高ランク冒険者は個室で応対してもらえるなんていい制度だと思う。大きな建物を持っている王都のギルドでこそ実現できることだな。地方のギルドはそんな対応してもらえなかったからな。この制度は冒険者にとっては大きなモチベーションになるし、うちの領地のギルドでも是非とも導入したいな。
「メルさん」
「は、はいぃ! な、何でしょう?」
「そんなに緊張しなくていいですよ。王都に勤めてまだ日が浅いんですか?」
「そうなんです。元々は地方の受付嬢として働いてたんですけど、そこではAランクの方が来たことがなかったんです! それにカイルさんの場合は、年齢が……」
「あぁ、よく言われるので気にしなくていいですよ。ちなみにこのミゲルも同じAランクです!」
「そ、そんな! Aランクの方を二人も応対するなんて!」
「だからそんなに緊張しなくて大丈夫ですって」
「そ、そうですよね。でも、少しは安心しました。お二方ともとても礼儀正しくてお話がしやすかったので」
「そうなんですね。それは良かったです!」
「はい! あ! ここです!」
メルさんに促されて入った個室は、応接室のような場所だった。ソファセットと花瓶が置かれていて、思っていたよりしっかりした内装だった。

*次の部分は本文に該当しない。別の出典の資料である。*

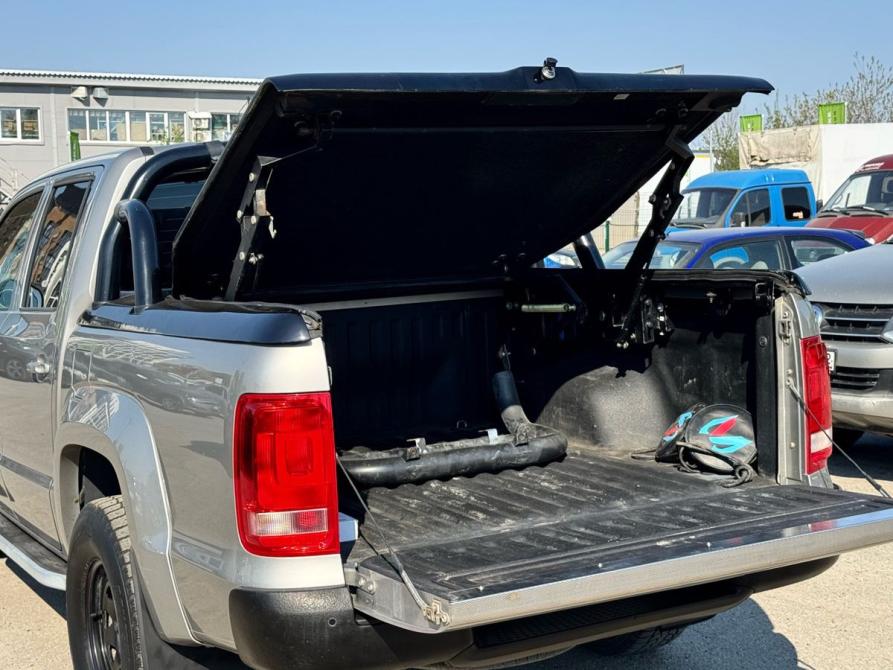 Volkswagen Amarok I Ижевск  - изображение 9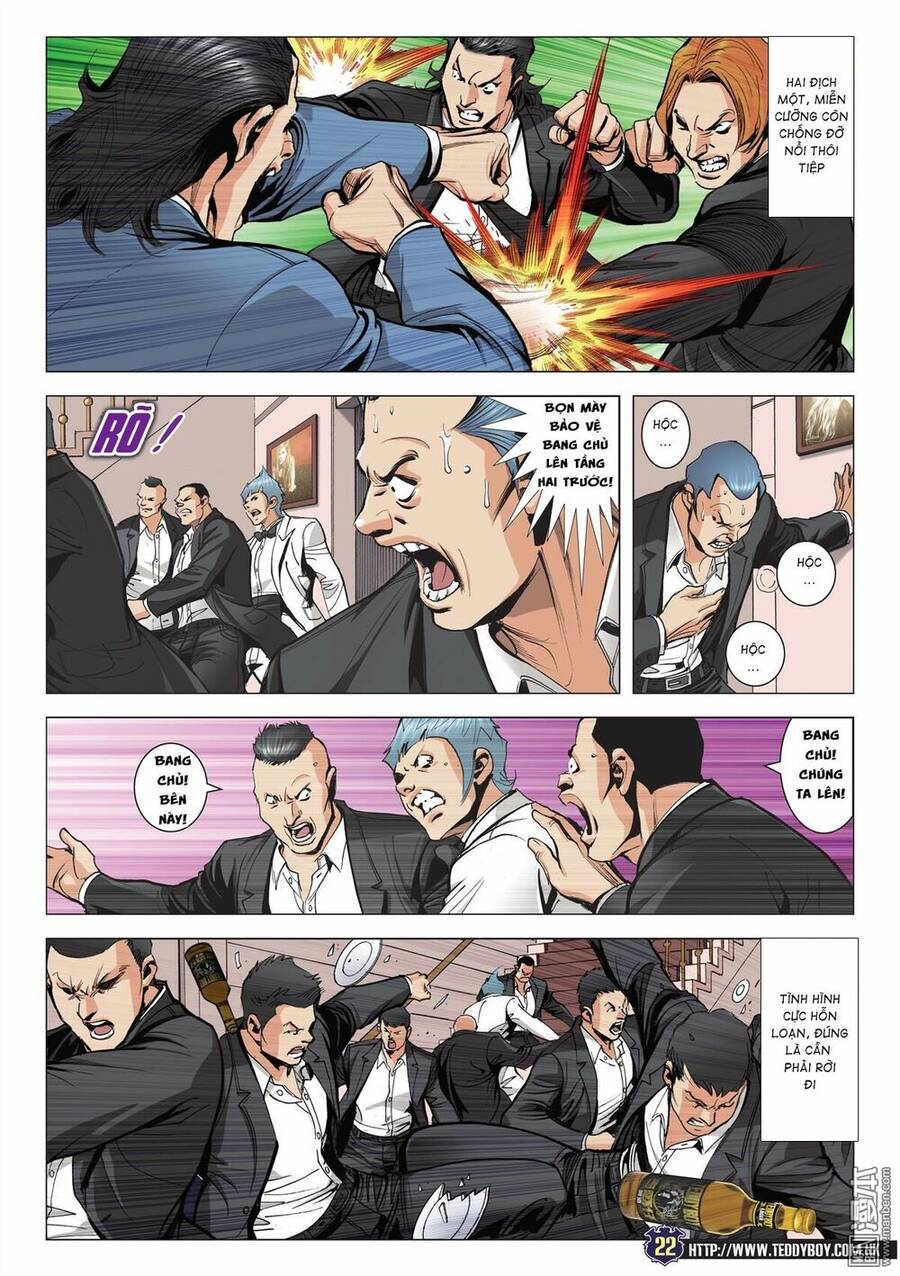 Người Trong Giang Hồ Chap 2069 - Next Chap 2070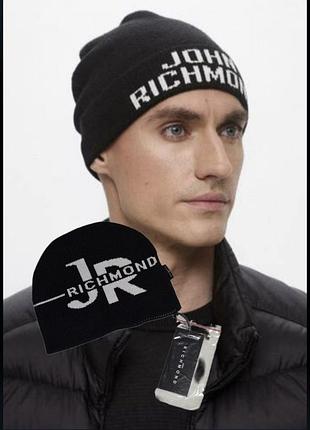 Шапка john richmond унисекс,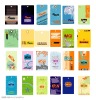 various swing tags/hang tag/price tag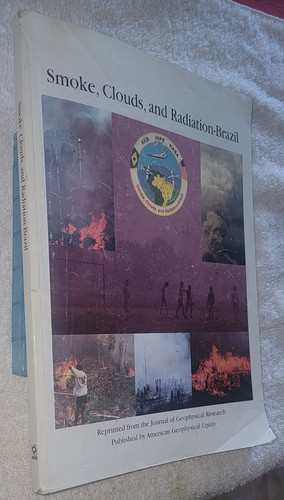 Smoke, Clouds, and Radiation-Brazil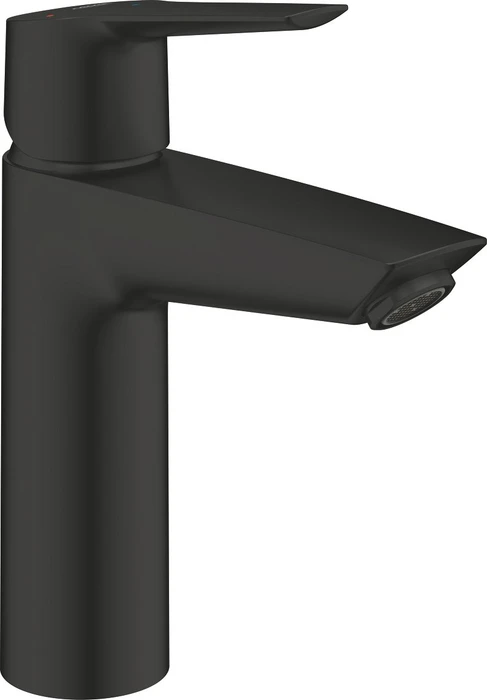 Grohe Start Einhand-Waschtischbatterie 1/2" M-Size matt black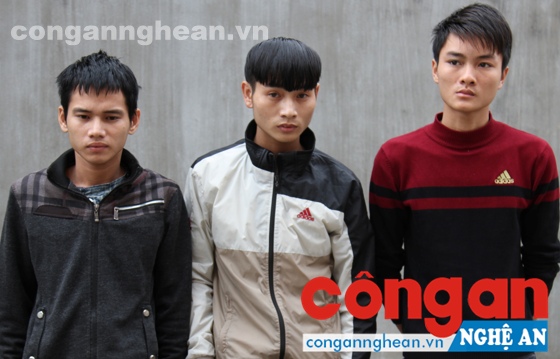3 đối tượng mua bán, vận chuyển trái phép pháo nổ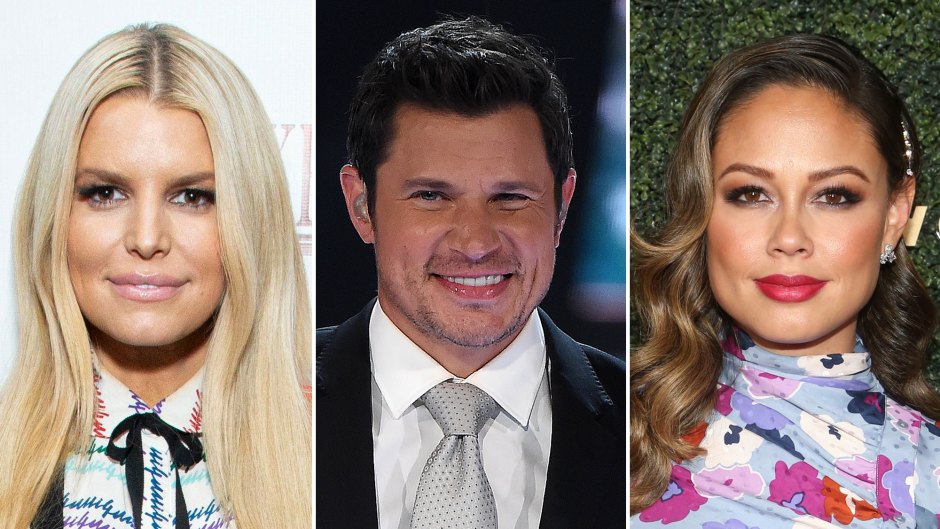 Jessica Simpson Reacts to Gift Incident With Ex Nick Lachey and Wife Vanessa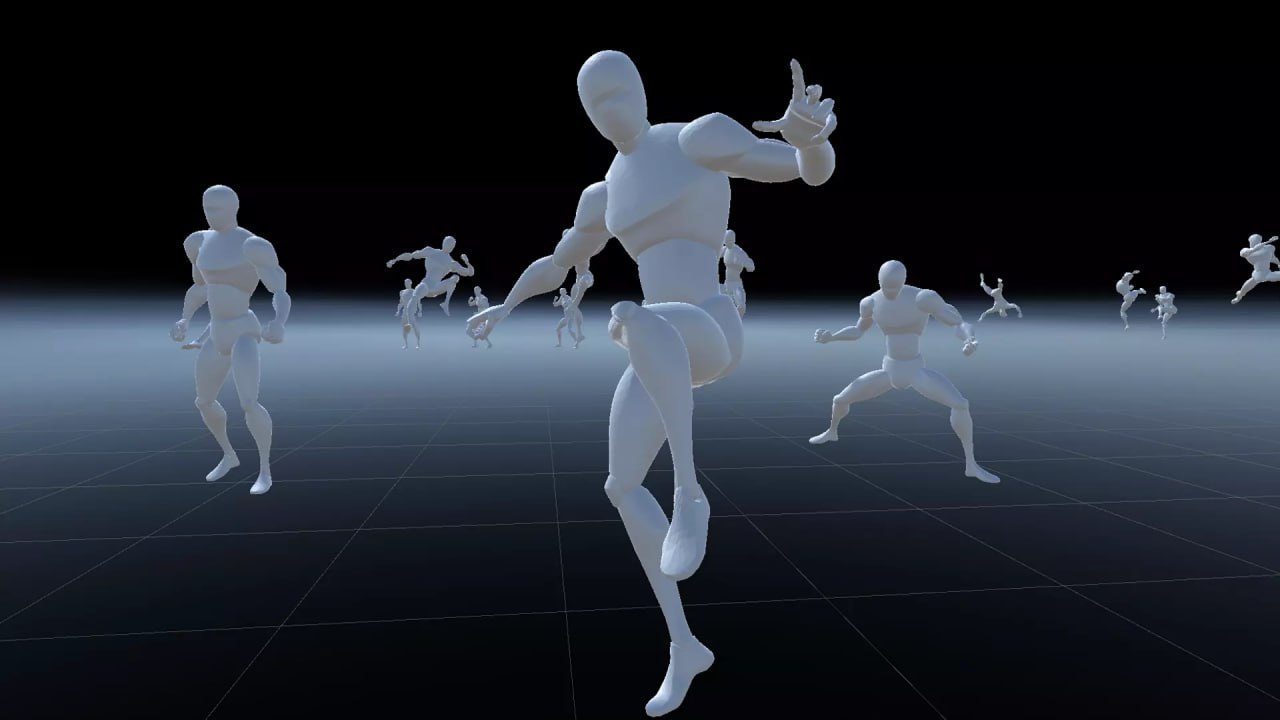 Martial Arts Fight Game📱 - изображение 2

「書類を用意してきますので少しだけお待ちください!」
「分かりました!」
そう言うとメルさんはパタパタと手を動かして忙しない様子で出ていった。可愛いなぁ。
「ミゲル、このシステム良くないか?」
「ええ、地方のギルドではありえないことですね。対応に差をつけることで冒険のモチベーションにも繋がりますし。良く練られたシステムです。それより、カイル様? メルさんを狙ったりしてないですよね?」
え? なんでバレた? だ、だって、綺麗じゃん! 照れる時の姿とか、綺麗な感じとギャップがあってなんというか、いいと思うんだ!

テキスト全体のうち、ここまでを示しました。